What you are asked to do: Set down exact lines only, from the line with "With unsupervised learning" through the last line of the material below, with every picture left out.

Data extract:
★ ★ ★
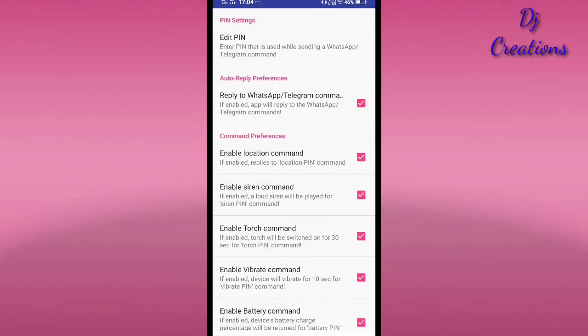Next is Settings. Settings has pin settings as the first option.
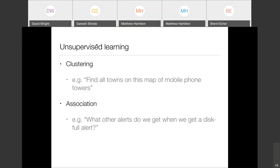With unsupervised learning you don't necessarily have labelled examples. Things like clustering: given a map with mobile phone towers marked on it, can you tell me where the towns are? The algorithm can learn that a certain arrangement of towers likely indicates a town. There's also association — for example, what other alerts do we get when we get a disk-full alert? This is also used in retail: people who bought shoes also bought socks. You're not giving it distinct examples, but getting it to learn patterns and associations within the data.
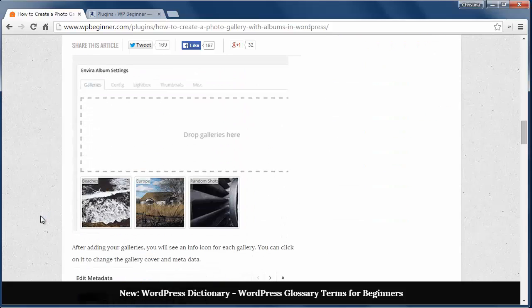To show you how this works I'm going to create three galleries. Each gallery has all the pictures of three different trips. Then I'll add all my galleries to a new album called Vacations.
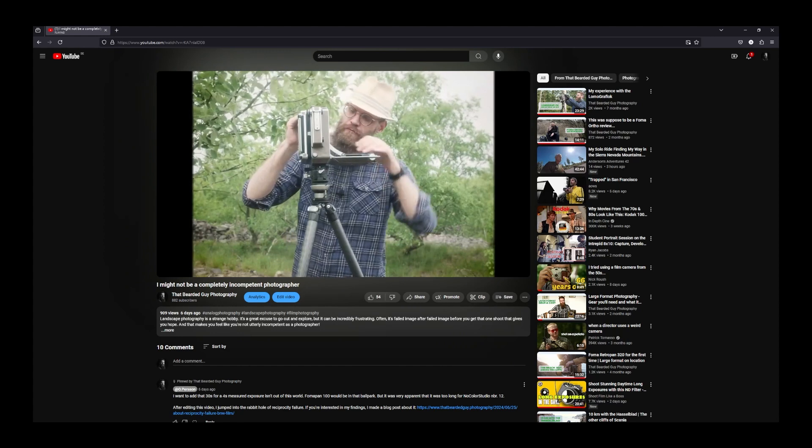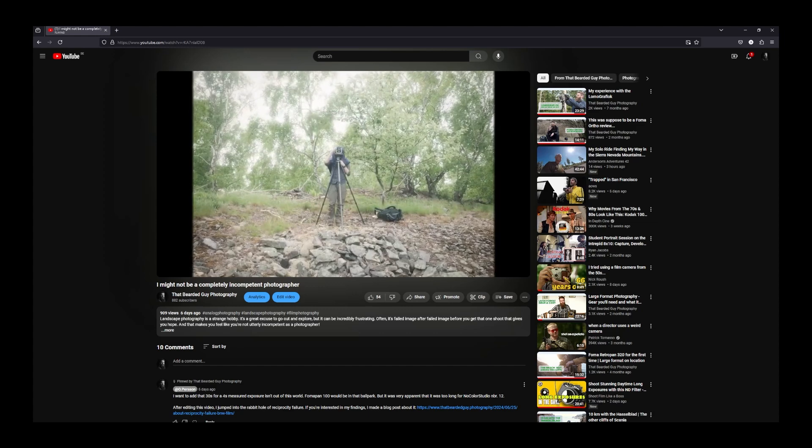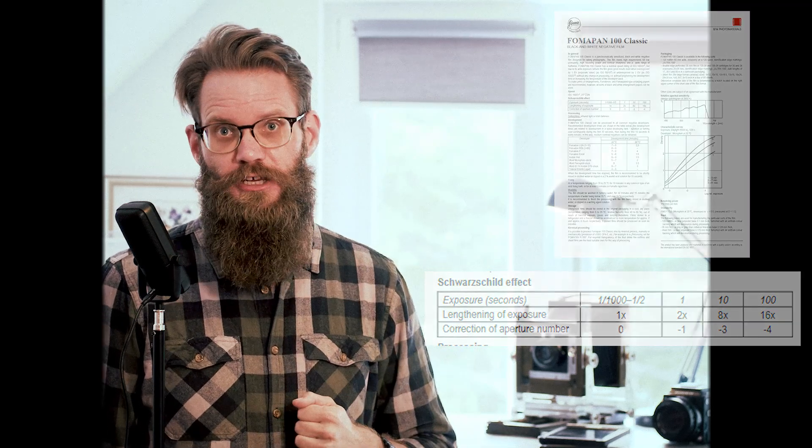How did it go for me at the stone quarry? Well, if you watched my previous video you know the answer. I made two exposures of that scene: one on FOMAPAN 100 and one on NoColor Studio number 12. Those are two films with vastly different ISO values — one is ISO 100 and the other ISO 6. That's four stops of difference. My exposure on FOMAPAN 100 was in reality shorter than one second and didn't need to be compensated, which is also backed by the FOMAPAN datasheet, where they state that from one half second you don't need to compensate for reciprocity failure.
★ ★ ★
Task result:
With unsupervised learning you don't necessarily have labelled examples. Things like clustering: given a map with mobile phone towers marked on it, can you tell me where the towns are? The algorithm can learn that a certain arrangement of towers likely indicates a town. There's also association — for example, what other alerts do we get when we get a disk-full alert? This is also used in retail: people who bought shoes also bought socks. You're not giving it distinct examples, but getting it to learn patterns and associations within the data.
To show you how this works I'm going to create three galleries. Each gallery has all the pictures of three different trips. Then I'll add all my galleries to a new album called Vacations.
How did it go for me at the stone quarry? Well, if you watched my previous video you know the answer. I made two exposures of that scene: one on FOMAPAN 100 and one on NoColor Studio number 12. Those are two films with vastly different ISO values — one is ISO 100 and the other ISO 6. That's four stops of difference. My exposure on FOMAPAN 100 was in reality shorter than one second and didn't need to be compensated, which is also backed by the FOMAPAN datasheet, where they state that from one half second you don't need to compensate for reciprocity failure.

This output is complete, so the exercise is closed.